Provably Faster Convergence of Adaptive Gradient Methods

Wednesday, October 14, 2020 - 11:00am to 11:30am

Event Calendar Category

LIDS & Stats Tea

Speaker Name

Jingzhao Zhang

Affiliation

LIDS

Zoom meeting id

921 4123 0377

Join Zoom meeting

https://mit.zoom.us/j/92141230377

Abstract

While stochastic gradient descent (SGD) is still the de facto algorithm in deep learning, adaptive methods like Adam have been observed to outperform SGD across important tasks, such as NLP models. The settings under which SGD performs poorly in comparison to adaptive methods are not well understood yet. Instead, recent theoretical progress shows that SGD is minimax optimal under canonical settings. In this talk, we provide empirical and theoretical evidence that a different smoothness condition or a heavy-tailed distribution of the noise could both result in SGD’s poor performance.
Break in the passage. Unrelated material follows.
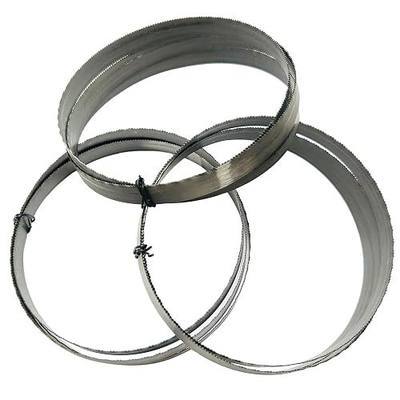 FOXBC 44-7/8 inch Bandsaw Blades 8/12 TPI, 44-7/8" x 1/2" x .020" Replacement for DeWalt, Milwaukee Portable Band Saw Blades, 3-Pack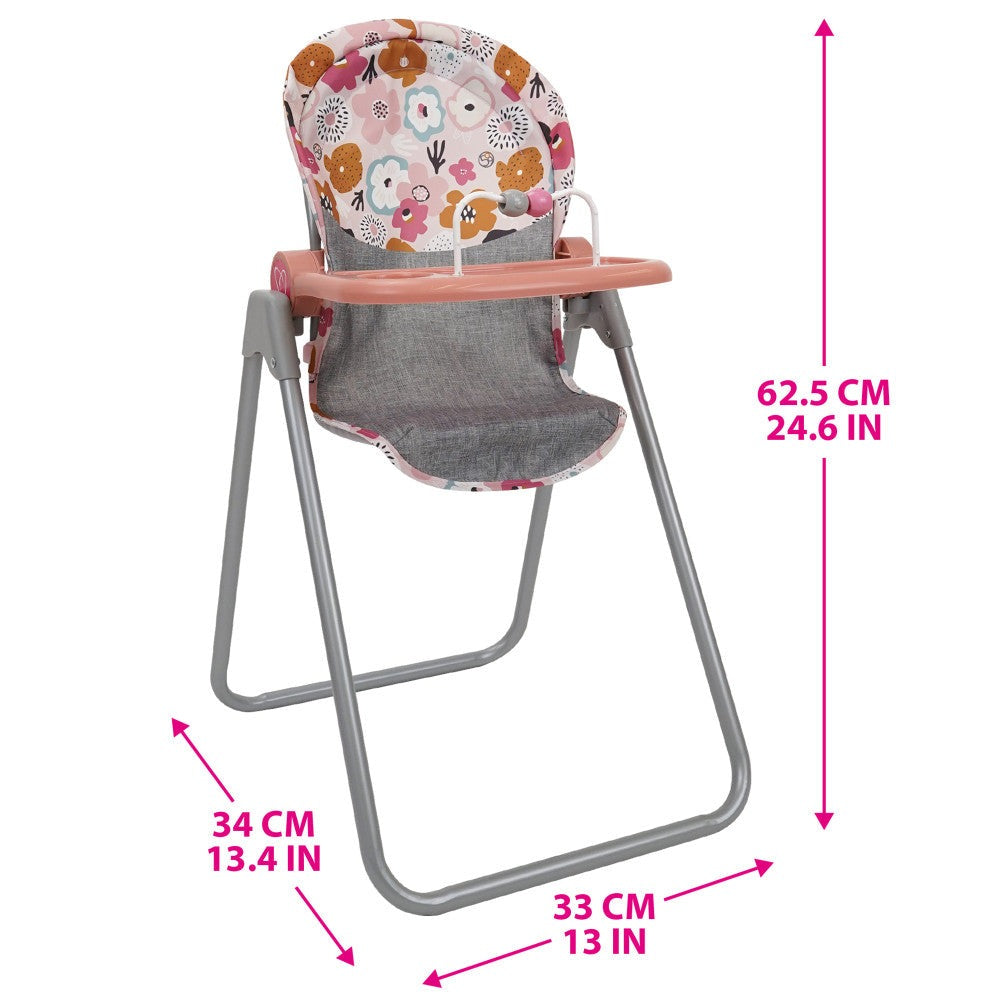 509 Crew - Melange Flora Foodie Doll Highchair Set, Ages 3+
Based on this observation, we study clipped variants of SGD that circumvent this issue; we then analyze their convergence and show that adaptive methods can be provably faster than SGD.

Biography

Jingzhao is a PhD student working with Suvrit Sra and Ali Jadbabaie. His research interests are broadly in the analysis and design of fast optimization algorithms.